*Assigned task*:
Find "Cosy Warm Winter" below and begin at its line; stop after the line with "Disc in Circle". Output those lines exactly, without pictures.

*Working data*:
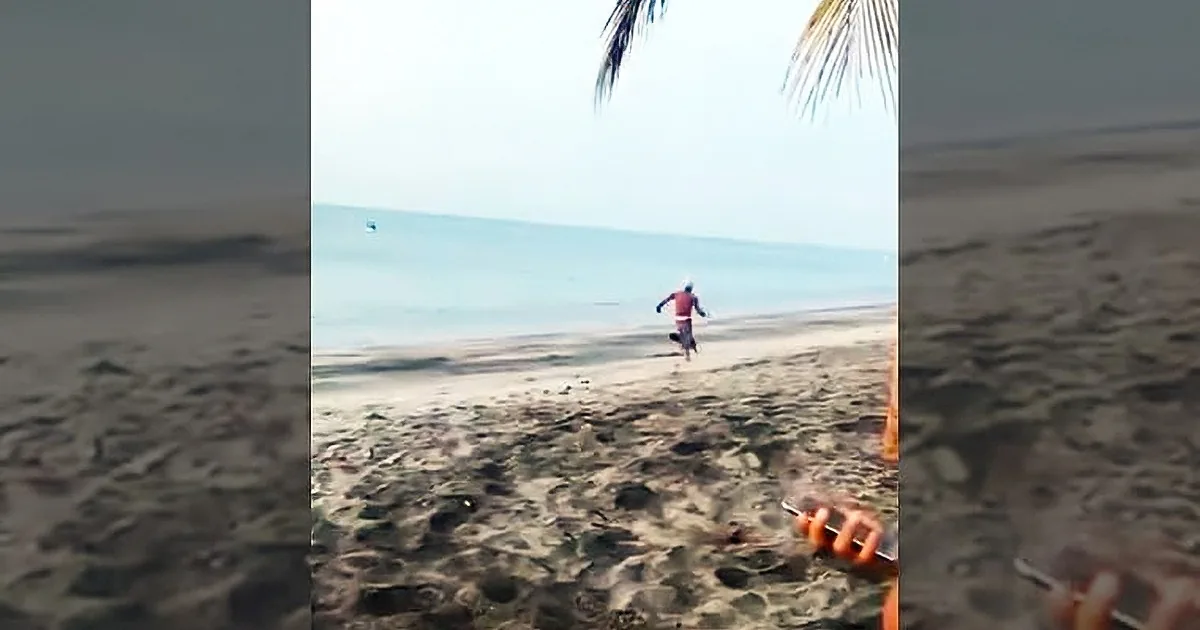 This Man Receives Karma Instantly When He Tries to Kick This Stray Dog on the Beach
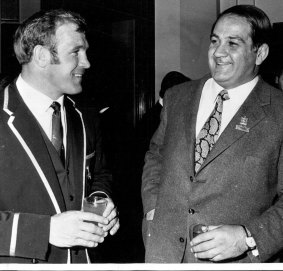 Hannes Marais (left), captain of the Springboks, chats with Shehadie, then Deputy Lord Mayor, at a civic reception, 1971.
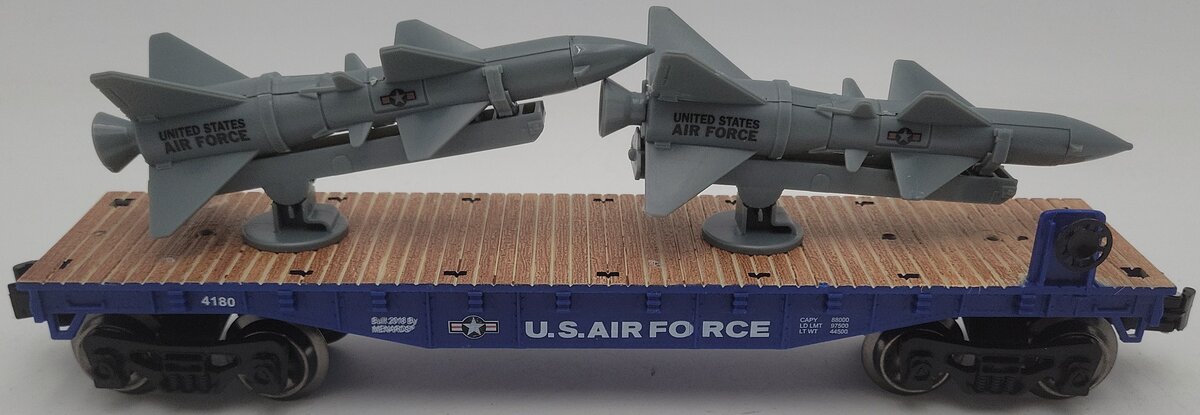 Menards 279-4490 O Gauge United States Air Force Flat Car w/ 2 Rockets #4180 EX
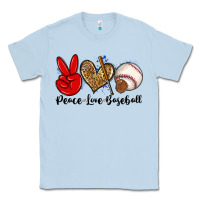 Dusty Blue peace love baseball Classic Tee - Zillion Design Studio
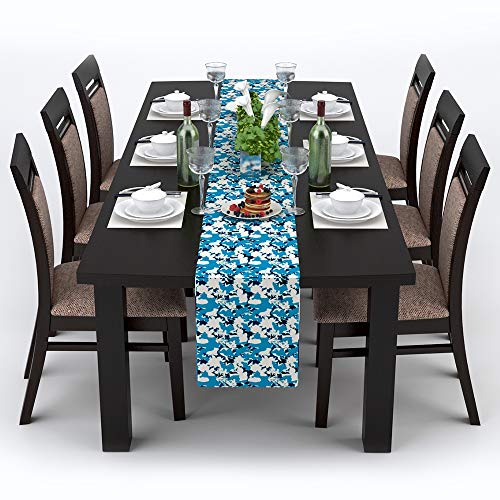 AAYU Printed Table Runner | Thick 250 GSM (16 Inch X 72 Inch) |Table Runner for Baby Birthdays, Home Decor & Wedding (Green and Blue) Jutemill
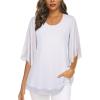 imageNinedaily Womens Tops 34 Sleeve Blouses Dressy Casual Double Layers Mesh Tunic ShirtsWhitea Little See Through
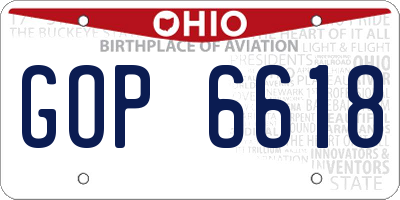 OH license plate GOP6618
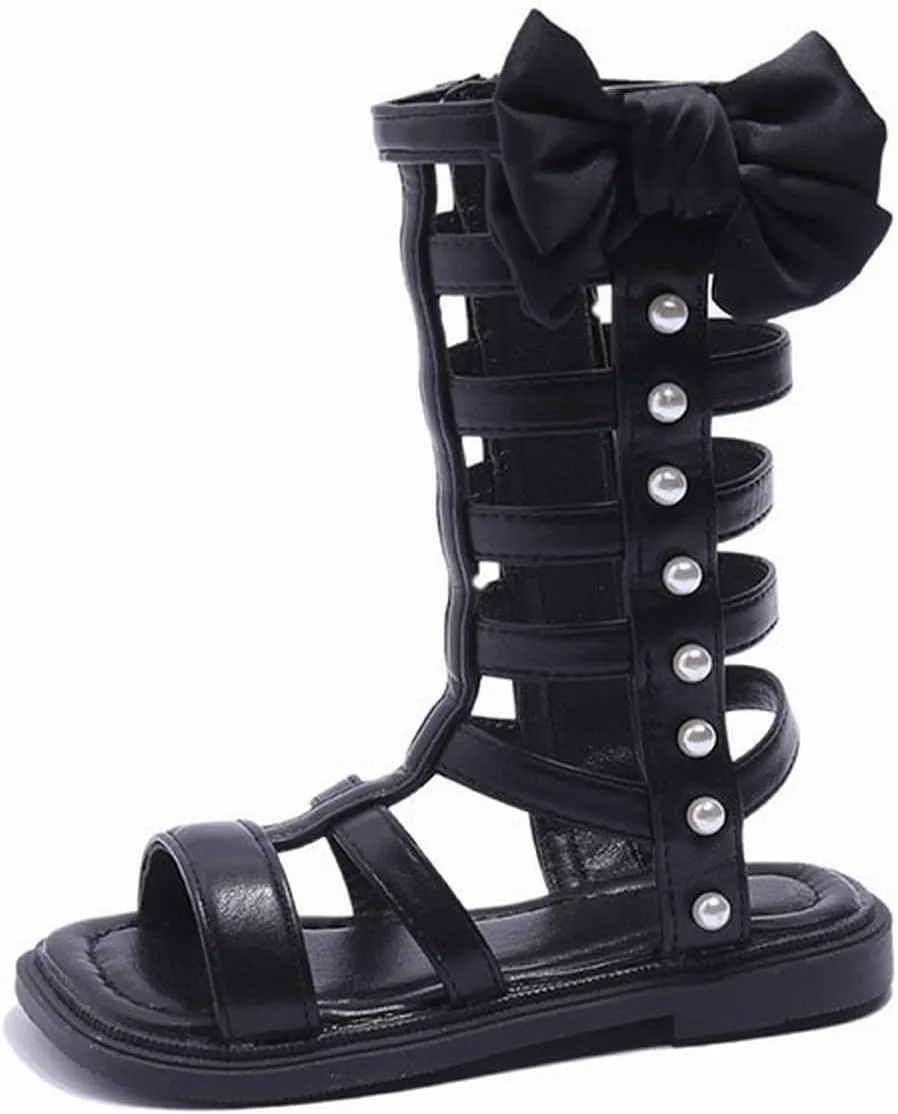 Girls' Sandals Summer Side Zipper Children's Sandals Little Girls' Fashion Princess Shoes Children's Pink Ballet Shoes (Black, 9 Toddler)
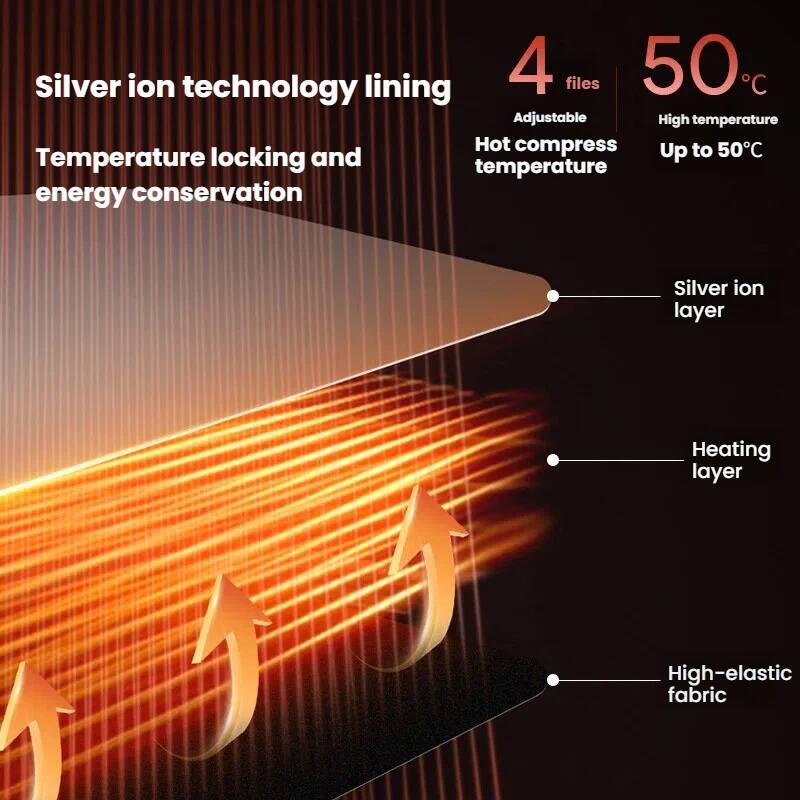 Silver ion technology lining  
Temperature locking and energy conservation  

4 files  
Adjustable hot compress temperature  

50°C  
High temperature up to 50°C  

Silver ion layer  
Heating layer  
High-elastic fabric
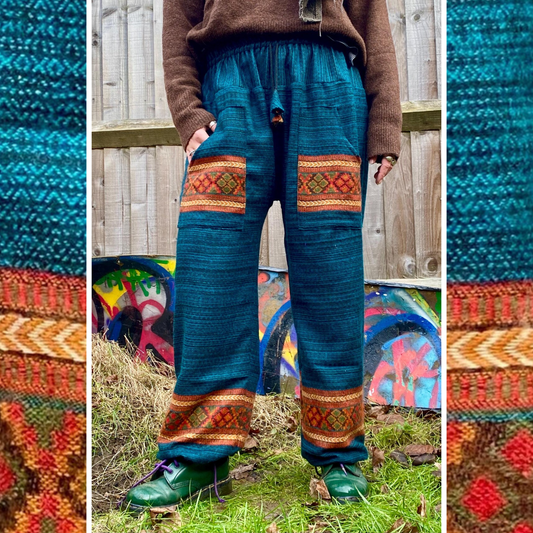 Cosy Warm Winter Blanket Trousers - Patch Teal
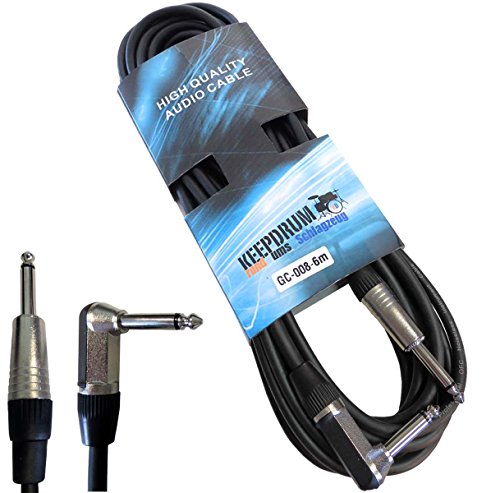 Keepdrum Gc-001 008 6 M Cavo Strumento Cavo Per Chitarra, 6,3 Mm Spina Jack, Inclinata Ad Angolo Retto Dritto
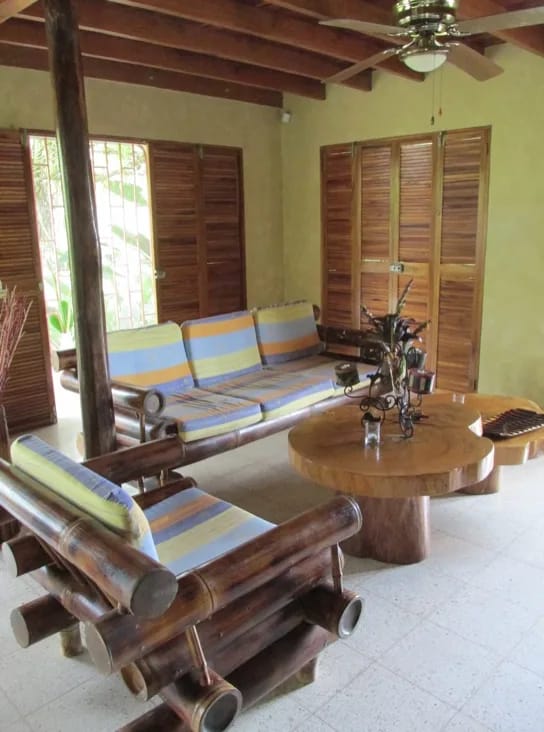 Lounge with bamboo seating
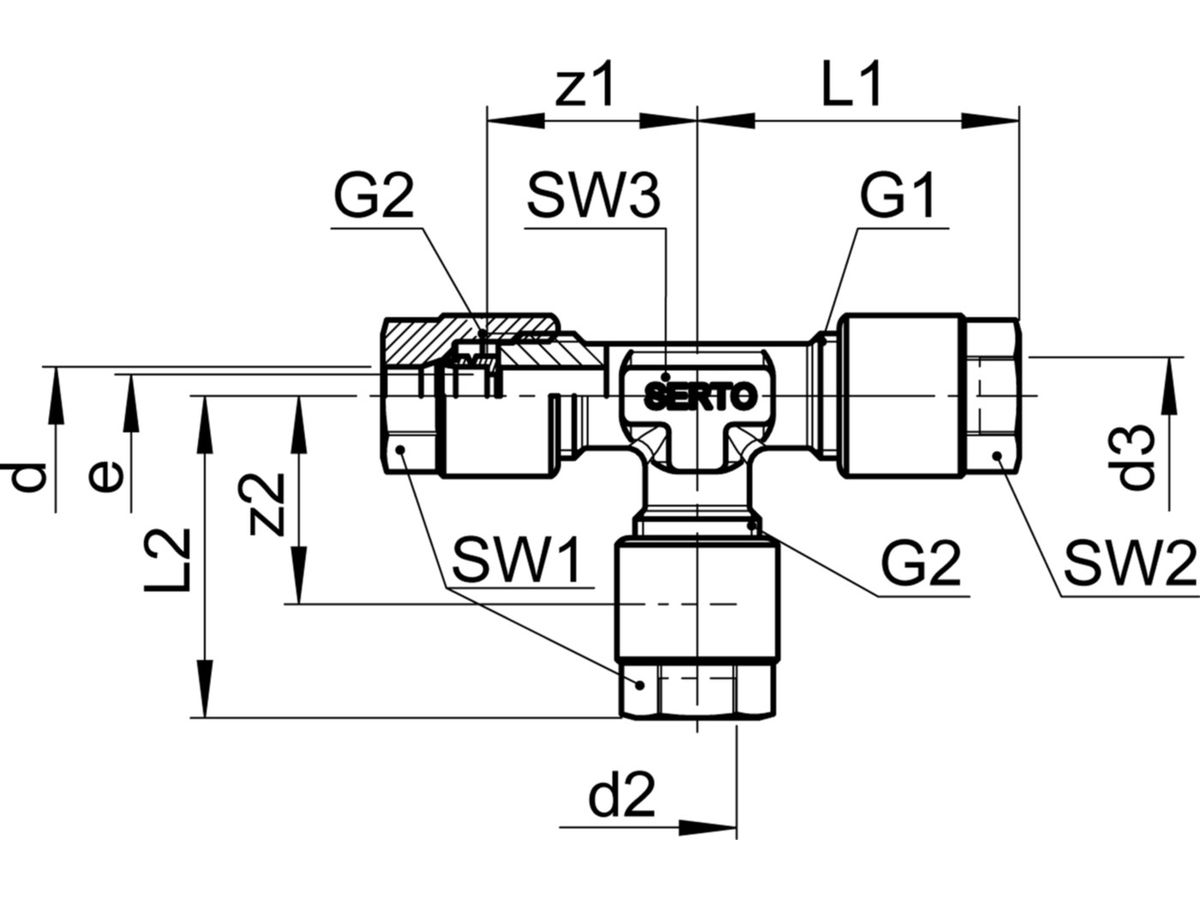 T-Verschraubung Serto Nr. 3021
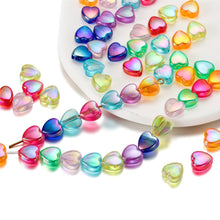 Load image into Gallery viewer, 50pcs 9mm Colorful Heart Beads for Jewelry Making Loose Spacer Beads DIY Handmade Necklace Bracelet Acrylic Beads Accessories
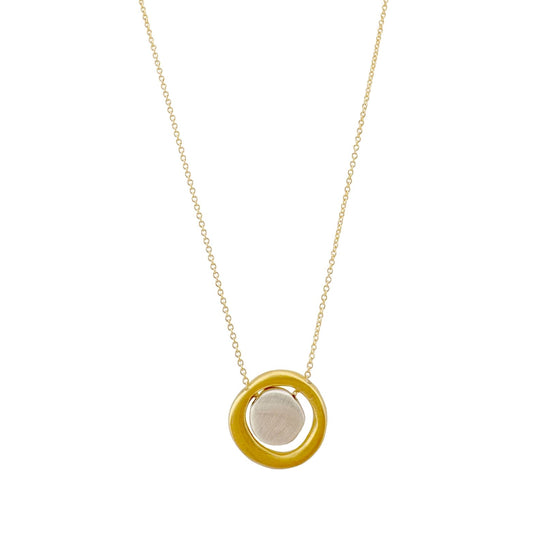 Disc in Circle Pendant Necklace — Silver + Gold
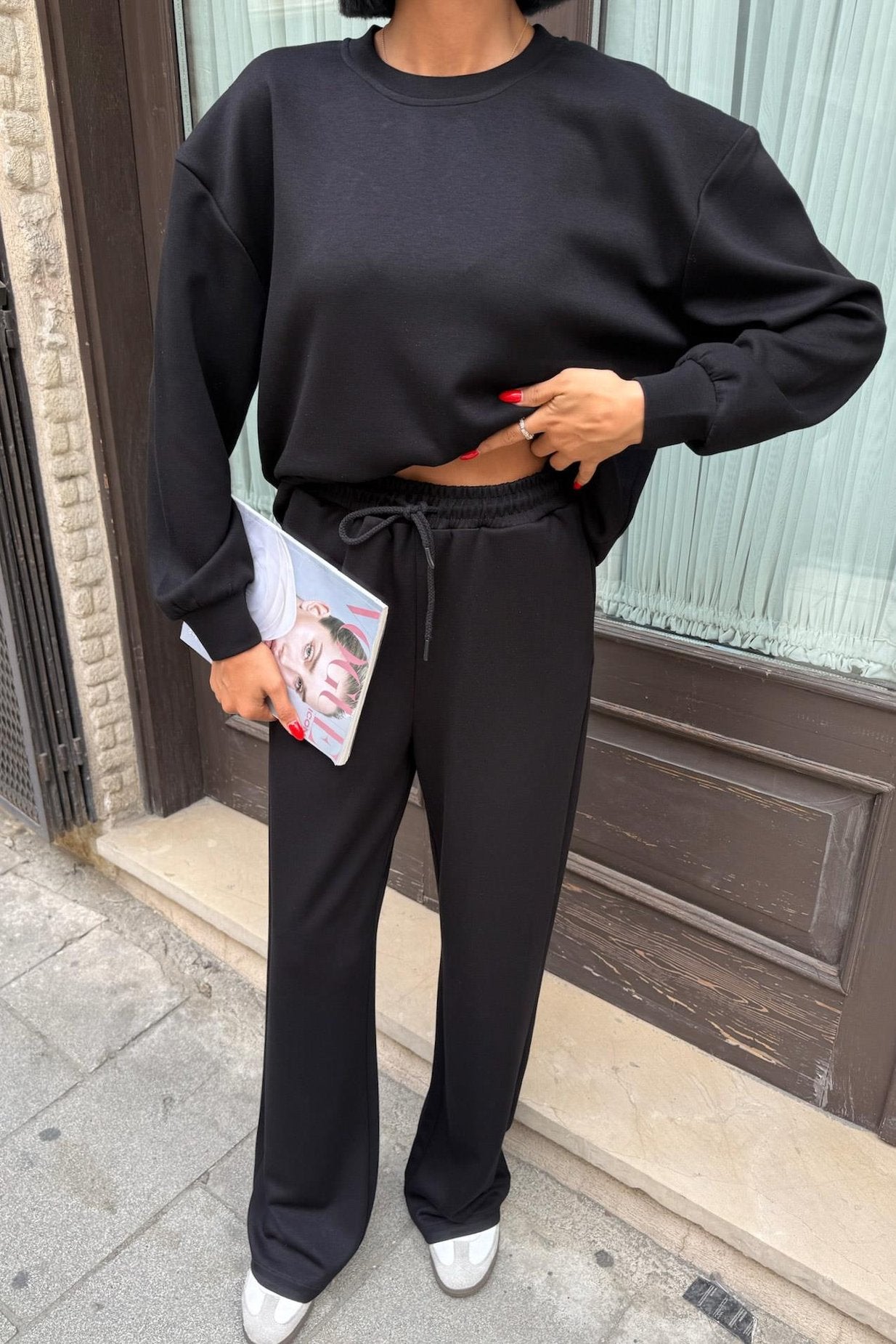 Modal Suit with Back Accessory Decollete Black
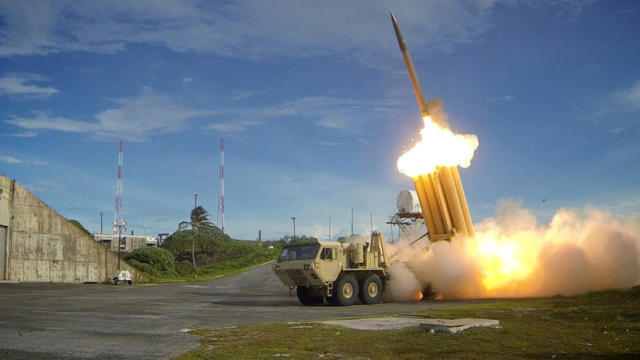 FILE PHOTO - A Terminal High Altitude Area Defense (THAAD) interceptor is launched during a successful intercept test, in this undated handout photo provided by the U.S. Department of Defense, Missile Defense Agency. U.S. Department of Defense, Missile Defense Agency/Handout via Reuters/File Photo 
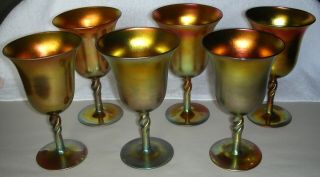 6 Steuben Aurene Gold Twisted Stem Wine Glasses Goblets 2361 W/ Orig.  Labels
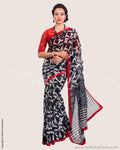 SR-0631 - Black & Red Pure Kota Cotton Saree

*Solution to this problem*:
 Cosy Warm Winter Blanket Trousers - Patch Teal
 Keepdrum Gc-001 008 6 M Cavo Strumento Cavo Per Chitarra, 6,3 Mm Spina Jack, Inclinata Ad Angolo Retto Dritto
 Lounge with bamboo seating
 T-Verschraubung Serto Nr. 3021
 Load image into Gallery viewer, 50pcs 9mm Colorful Heart Beads for Jewelry Making Loose Spacer Beads DIY Handmade Necklace Bracelet Acrylic Beads Accessories
 Disc in Circle Pendant Necklace — Silver + Gold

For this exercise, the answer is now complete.